- Directed by: Sophie Bédard Marcotte
- Written by: Sophie Bédard Marcotte
- Produced by: Caroline Galipeau
- Starring: Sophie Bédard Marcotte Isabelle Stachtchenko
- Cinematography: Isabelle Stachtchenko
- Edited by: Joël Morin-Ben Abdallah
- Production company: Maestro Films
- Distributed by: La Distributice de films
- Release date: April 10, 2019 (Visions du Réel);
- Running time: 82 minutes
- Country: Canada
- Language: English

= L.A. Tea Time =

L.A. Tea Time is a Canadian docufiction film, directed by Sophie Bédard Marcotte and released in 2019. A semi-fictionalized documentary, the film is a travelogue centering on Bédard Marcotte and cinematographer Isabelle Stachtchenko taking a road trip across the United States to Los Angeles, purportedly in the hopes of meeting and interviewing filmmaker and performance artist Miranda July.

==Production==
The film was Bédard Marcotte's second, following Winter Claire (Claire l'hiver), in which she directly appeared on screen. Despite not considering herself an actress, she appeared in both films out of financial necessity, as a filmmaker working on a limited budget who could not afford to pay a professional actress.

According to Bédard Marcotte, she made the film because she is interested in stories of failure. It also draws parallels between her quest and the film The Wizard of Oz, using voice clips from past interviews with Belgian filmmaker Chantal Akerman as the metaphorical good witch.

==Distribution==
The film premiered in April 2019 at the Visions du Réel film festival, and had its Canadian premiere at the 2019 Vancouver International Film Festival.

==Critical response==
Pat Mullen of Point of View wrote that "Bédard-Marcotte and Stachtchenko evoke a Sofia Bohdanowicz/Deragh Campbell tag-team vibe as they explore new spaces between fiction and non-fiction. The persona of the Miranda July fangirl mostly serves as a surrogate for Bédard-Marcotte’s anxieties over making a career in filmmaking.
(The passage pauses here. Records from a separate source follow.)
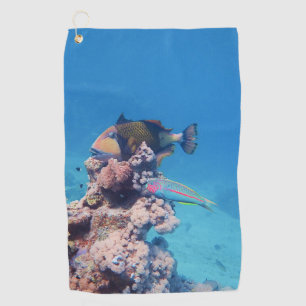 Triggerfish rests on a coral block at coral reef golf towel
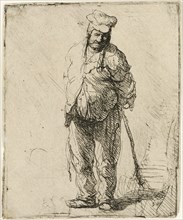 Ragged Peasant with his Hands behind Him, holding a Stick, c.1630. Creator: Rembrandt Harmensz van Rijn.
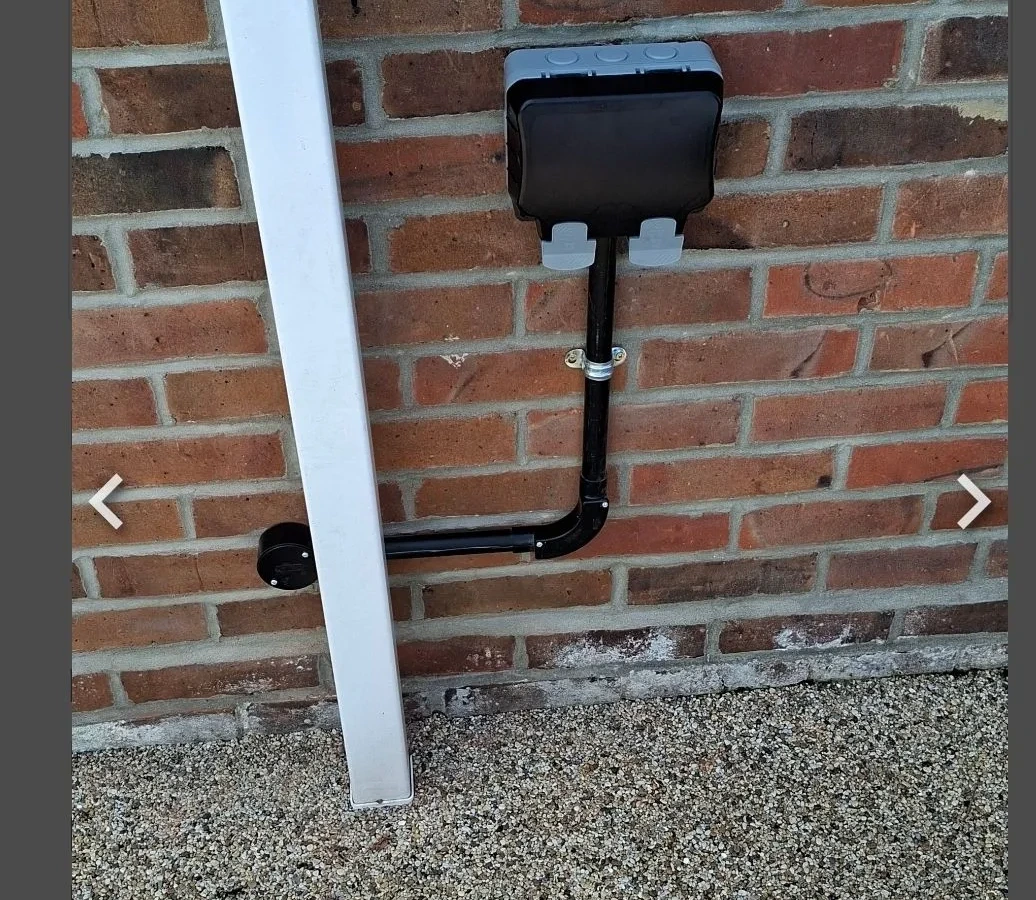 Weatherproof outdoor socket run in black conduit down a brick wall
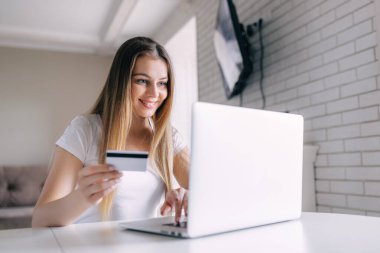laptop ve kredi kartı ile gülümseyen iş kadını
The friends, both starving artists, struggle to realise their ambitions as creative types working on the outskirts of Montreal. (Bédard-Marcotte humorously explains to July in a letter that she earns her living by translating online hotel reviews.) Their search ultimately asks if and how a young woman who shares July’s artistic inclinations can enjoy a similar success in Montreal."

==Awards==
The film was longlisted for the 2022 DGC Discovery Award.